The merger of JioCinema and Disney+Hotstar into JioHotstar — where Reliance holds a 63.16% stake — marks a decisive play in India’s OTT space. In the first half of FY26, the platform posted ₹18,454 crore in revenue and ₹1,903 crore in net profit, underscoring the monetisation potential of digital entertainment.
CAPEX ACCELERATION
Ambani plans to channel vast capital into the next wave of structural growth drivers — renewables, FMCG, and AI. In Q2FY26 alone, the company invested ₹40,000 crore, compared with ₹29,875 crore in the previous quarter, backed by a strong balance sheet, robust operating cash flows, and substantial cash and cash equivalents.

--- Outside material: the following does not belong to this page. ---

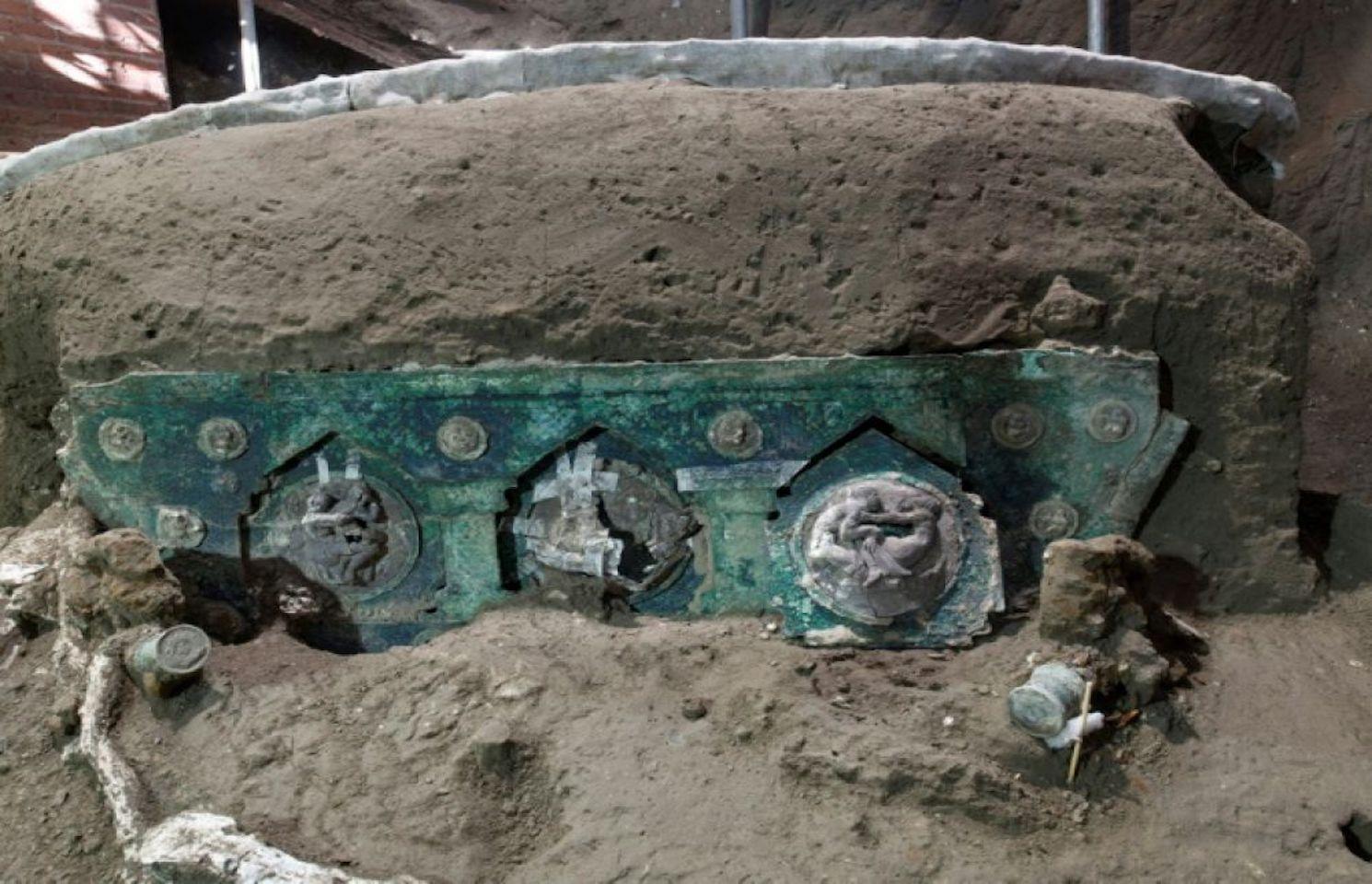 Char découverte Pompéi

RIL’s net debt stood at ₹1.19 lakh crore as of September 30, 2025, translating into a conservative leverage ratio comfortably serviced by the group’s steady operational profits. Gross debt was around ₹3.48 lakh crore, offset by high cash and cash equivalents of ₹2.30 lakh crore, resulting in a healthy net debt position.

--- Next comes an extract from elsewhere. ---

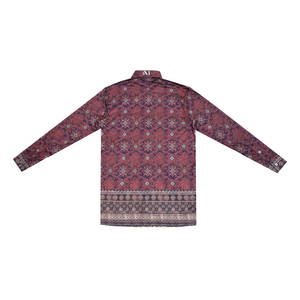 Long Sleeves - Ruby Songket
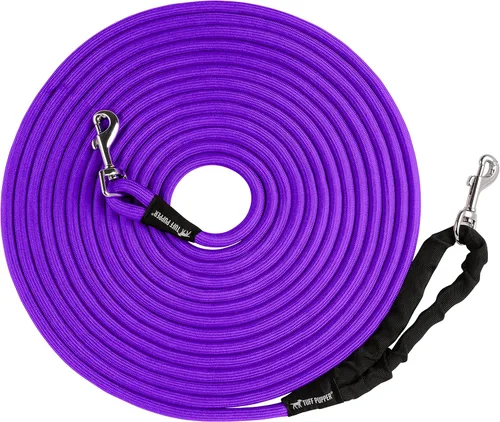 Vista 12 de Tuff Pupper Correa de cuerda de 30 pies de largo resistente para perros Correa de entrenamiento de retirada de perros Correas de cuerda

This financial discipline has aided capital spend. In the first half of FY26, RIL posted an Ebitda of ₹1.08 lakh crore and a net profit of ₹52,827 crore. The numbers fuel Ambani’s ambition to cross ₹1 lakh crore in net profit in FY26.

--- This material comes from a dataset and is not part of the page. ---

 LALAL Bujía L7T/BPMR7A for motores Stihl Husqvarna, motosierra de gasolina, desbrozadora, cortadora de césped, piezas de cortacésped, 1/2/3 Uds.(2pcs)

The most capital-intensive component of the capex cycle is the Dhirubhai Ambani Green Energy Giga Complex in Jamnagar — the heart of RIL’s net-zero emission strategy. The company has already commissioned four PV module lines, with the first cell line expected to go live soon. Work on the battery energy storage Giga factory is progressing rapidly, with significant on-site progress for a 40-GWh manufacturing capacity and production line equipment installation already underway.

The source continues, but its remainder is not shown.